Like slow-moving specters, rainstorms plodded across western Oklahoma early Wednesday growing ever closer to flood-weary portions of central Oklahoma.
Meanwhile, it was western counties that received the brunt of the rain late Tuesday, with the National Weather Service reporting more than 5 inches of rainfall in Woodward, which along with the rest of Woodward County, Ellis County and Woods County, was under a flash flood warning between 11:30 p.m. Tuesday and 2:30 a.m.
Woodward police dispatcher Carol Gastineau said the rain hadn't caused any major problems as of early Wednesday.
"There were just a few streets that city workers had put cones down on and then there's some neighborhoods that had electricity off, but I came on at midnight and I haven't had any calls or anything."
Gastineau said what had been sprinkles throughout most of Tuesday turned into a downpour around 7 p.m. Tuesday.
"But I drove to work on the main highway and I didn't have any problems. Over in the outside lane there was a bit of water standing, but it wasn't like two or three years ago when it was up to my headlights."
Water was up to headlights Monday in Chickasha and Anadarko, which have been spared another round of heavy rain since floodwaters receded Monday.

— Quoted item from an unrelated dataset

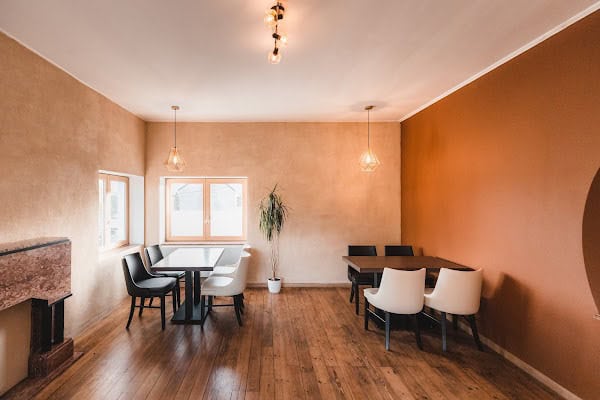 Kaillou Restaurant à Villers-le-Bouillet, Belgique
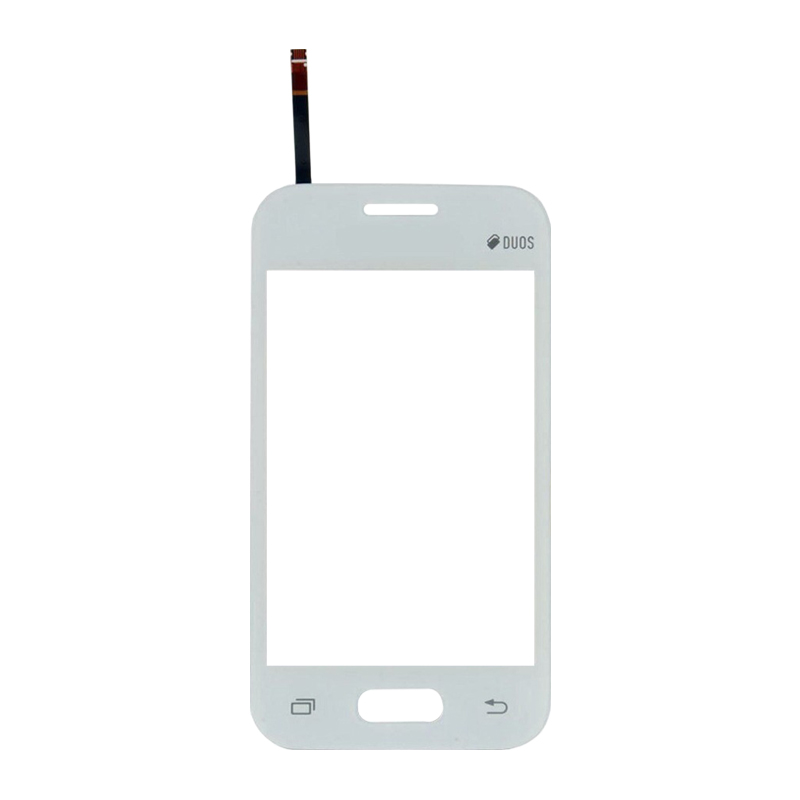 Тачскрин Samsung G130 Galaxy Young 2, Белый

But that could change by early Wednesday, National Weather Service meteorologist Dave Floyd said.
He said light showers should reach the town in the early-morning hours Wednesday and could turn into more persistent rainfall later in the morning.
Still, he said, the storms weren't of the sort that caused the flooding of dozens of homes and businesses in central Oklahoma earlier in the week.
"We're not really looking for a flooding big event, just rainfall," Floyd said late Tuesday. "But tomorrow we'll be looking real close to make sure it doesn't get it out of hand."
Chickasha officials asked for a formal disaster declaration Tuesday following the flooding, which also caused a water main to break, disrupting water service there.
Chickasha Emergency Management director Steve Chapman said he asked Oklahoma Department of Emergency Management for the declaration Tuesday afternoon. He said he expected an answer from the state some time this week.
The National Guard and the state Office of Emergency Services brought in water Tuesday as a precaution. Schools, day cares, factories and the courthouse closed to help ease the water load.
The water line broke Monday night between Chickasha and Anadarko and pumps on the reserve system went out for several hours early Tuesday. Both reserve pumps were operating later in the day. Mayor Jim Parker said the pumps can handle almost 3 million gallons of water a day, which is just a little less than average usage in the fall.
"We're pumping in about two million gallons a day right now,"
Parker said Tuesday.
Throughout the downtown district, business owners continued cleaning up. Parker said more than $1 million in damage was reported.
A mound of water-logged carpet Tuesday sat outside the Chickasha Avenue photography studio of Jim Tibbetts.
"I was actually worried about having a leaky roof," Tibbetts said. "But this time it held up fine. It was on the floor where I had my problem."
Two doors down, an antique store owned by Dan and Angie Friskel didn't fare as well. Floodwater left the wooden floors of their 80-year-old building muddied and buckled.
"We're still waiting to hear from our insurance company," said Anissa Alcorn, the Friskel's daughter and the store's manager.
"But I know the floor is going to have to be replaced. Luckily, we have flood insurance."
The recent rain has affected nearly every portion of life in parts of Oklahoma over the past few days -- not all in a negative way. The state's hunters learned this week that the annual muzzleloader hunting season -- which had been pegged for postponement earlier because of dry conditions -- would run as scheduled from Oct. 28 through Nov. 5.